No. Quel “non guardare” è solo il primo momento, quasi un prendere la rincorsa
per lanciarsi di nuovo nel mondo ma con uno sguardo nuovo, quello che nasce dal
rapporto intimo e personale con Gesù:
guardo al mondo e alle cose; però non più io guardo, è
Cristo che guarda in me e rivede ciechi da illuminare e muti da far parlare e
storpi da far camminare. (…) Cosicché riaprendo gli occhi sul di fuori vedo
l’umanità con l’occhio di Dio che tutto crede perché è Amore.
Chiara può dunque trovare Dio ovunque perché la sua
preghiera la porta in un costante rapporto con Dio, non è confinata nei momenti
dedicati esplicitamente alle preghiere: tutta la sua vita lentamente diventa preghiera.

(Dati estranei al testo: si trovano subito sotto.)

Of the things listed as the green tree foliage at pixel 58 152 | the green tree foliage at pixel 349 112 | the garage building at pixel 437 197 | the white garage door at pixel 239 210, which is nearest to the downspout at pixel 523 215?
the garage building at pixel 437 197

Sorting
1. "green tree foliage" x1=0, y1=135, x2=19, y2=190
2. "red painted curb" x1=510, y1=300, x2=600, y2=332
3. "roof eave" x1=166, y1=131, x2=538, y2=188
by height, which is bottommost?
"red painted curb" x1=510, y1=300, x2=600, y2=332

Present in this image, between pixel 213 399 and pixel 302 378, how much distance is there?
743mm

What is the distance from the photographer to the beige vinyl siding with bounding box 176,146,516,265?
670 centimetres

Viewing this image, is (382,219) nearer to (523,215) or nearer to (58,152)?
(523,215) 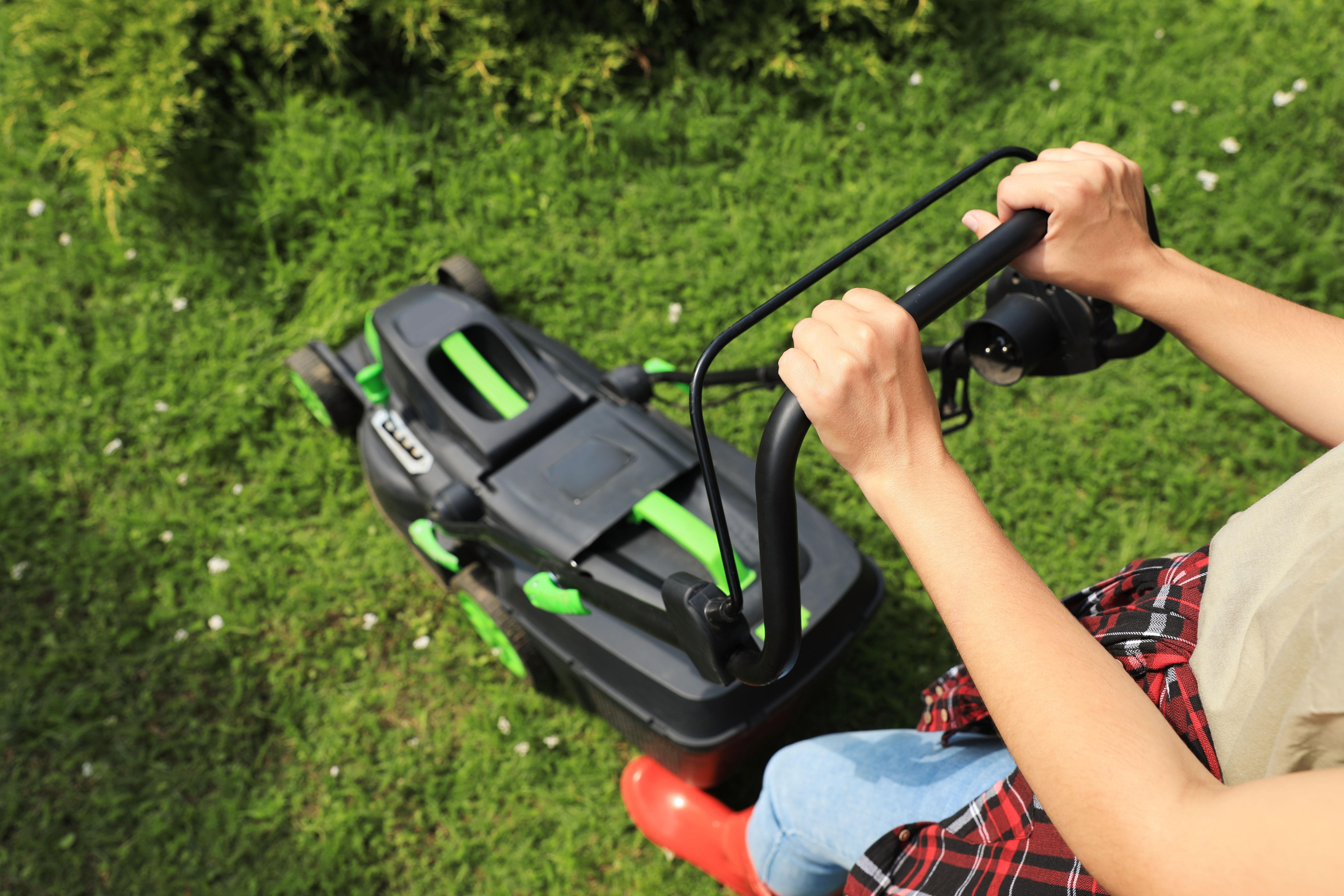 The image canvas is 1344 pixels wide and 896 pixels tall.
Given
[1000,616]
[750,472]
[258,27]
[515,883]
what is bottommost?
[515,883]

Anche 15 anni più tardi, il 4 aprile 1965, proprio mentre
si trova ancora per le strade di Roma (abitava in via Valnerina), scrive nel
diario:
Qualcuno mi chiama con veemenza in fondo all’anima ad
unirmi a Sé.
Sei Tu, mio
Dio, al cui pensiero anche in mezzo a Via Veneto, a Corso d’Italia, dovunque,
mi si commuove l’anima fino nel profondo.
E c’è un’oasi in essa, che m’attira come l’unico regno
di pace, d’amore... ma così diversa, così diversa dal resto! Mi chiami, mi
richiami, mi attiri, mi vuoi! Come sei il Solo per l’anima, quando l’anima è in
questa disposizione! E come, con Te, si vedono grandi i peccati, le
imperfezioni, le parole in più. Perdono, mio Dio!

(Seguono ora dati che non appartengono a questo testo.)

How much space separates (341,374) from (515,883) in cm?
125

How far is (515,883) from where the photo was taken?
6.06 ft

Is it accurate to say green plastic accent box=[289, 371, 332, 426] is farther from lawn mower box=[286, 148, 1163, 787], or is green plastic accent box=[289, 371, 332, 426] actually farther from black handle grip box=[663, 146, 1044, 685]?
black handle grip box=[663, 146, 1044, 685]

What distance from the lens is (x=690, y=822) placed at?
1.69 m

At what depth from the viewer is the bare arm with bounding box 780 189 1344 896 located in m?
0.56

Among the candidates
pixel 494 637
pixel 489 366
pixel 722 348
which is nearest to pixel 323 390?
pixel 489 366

Quest’unione attendevo, ché altro fine non ha l’unità
nostra con chicchessia, sia pure col Santo tuo Vicario, che quello d’aumentare
l’unione con Te.
E a Te chiedo per lui la massima gloria, la santità.

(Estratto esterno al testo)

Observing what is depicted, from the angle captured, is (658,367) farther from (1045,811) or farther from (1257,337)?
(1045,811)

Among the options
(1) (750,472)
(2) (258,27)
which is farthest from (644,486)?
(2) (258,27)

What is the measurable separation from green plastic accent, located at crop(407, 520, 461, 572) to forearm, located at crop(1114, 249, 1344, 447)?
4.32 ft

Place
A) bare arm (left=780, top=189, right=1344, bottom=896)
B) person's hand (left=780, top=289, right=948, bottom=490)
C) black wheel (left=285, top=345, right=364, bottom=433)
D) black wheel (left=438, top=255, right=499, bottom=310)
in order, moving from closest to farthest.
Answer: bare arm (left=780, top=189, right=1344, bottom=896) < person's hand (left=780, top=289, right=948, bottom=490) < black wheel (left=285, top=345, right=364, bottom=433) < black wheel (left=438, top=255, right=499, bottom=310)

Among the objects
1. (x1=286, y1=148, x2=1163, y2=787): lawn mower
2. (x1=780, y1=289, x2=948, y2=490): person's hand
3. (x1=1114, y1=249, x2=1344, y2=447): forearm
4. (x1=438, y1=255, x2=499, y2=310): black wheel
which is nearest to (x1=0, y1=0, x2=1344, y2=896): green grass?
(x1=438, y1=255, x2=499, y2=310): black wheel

Chiara non cerca un raccoglimento esteriore, non teme
«il chiasso esterno della radio aperta a tutto spiano, dell’inquilino accanto,
e lo strepito delle macchine, o l’urlo degli strilloni», non è neppure attratta
dalla forma claustrale di vita, che pure stima moltissimo e ammira, convinta che
«anche la mia casa può avere il profumo del chiostro; anche le pareti del mio
abitato possono divenire regno di pace». La sua preghiera, il raccoglimento
interiore, li avvertiva come frutto dell’azione di Dio, che vuole prendere
possesso della sua persona intera, «muovere i miei atti, permeare della sua
luce il mio pensiero, accendere la mia volontà, darmi la legge insomma del mio
stare e del mio andare». Dio, afferma,
saprà dare anche a queste mura l’importanza di un’abbazia
e a questa stanza la sacralità di una chiesa, al mio seder a mensa la dolcezza
di un rito, alle mie vesti il profumo di un abito benedetto, al suono della
porta o del telefono la nota gioiosa di un incontro con i fratelli, che rompe,
eppur continua il colloquio con Dio.
In definitiva, «Cristo sarà il mio chiostro, il Cristo
del mio cuore, Cristo in mezzo ai cuori» (Meditazioni, p. 82).
Grazie di questa "polla di aria fresca": trovare Dio in mezzo alle occupazioni quotidiane.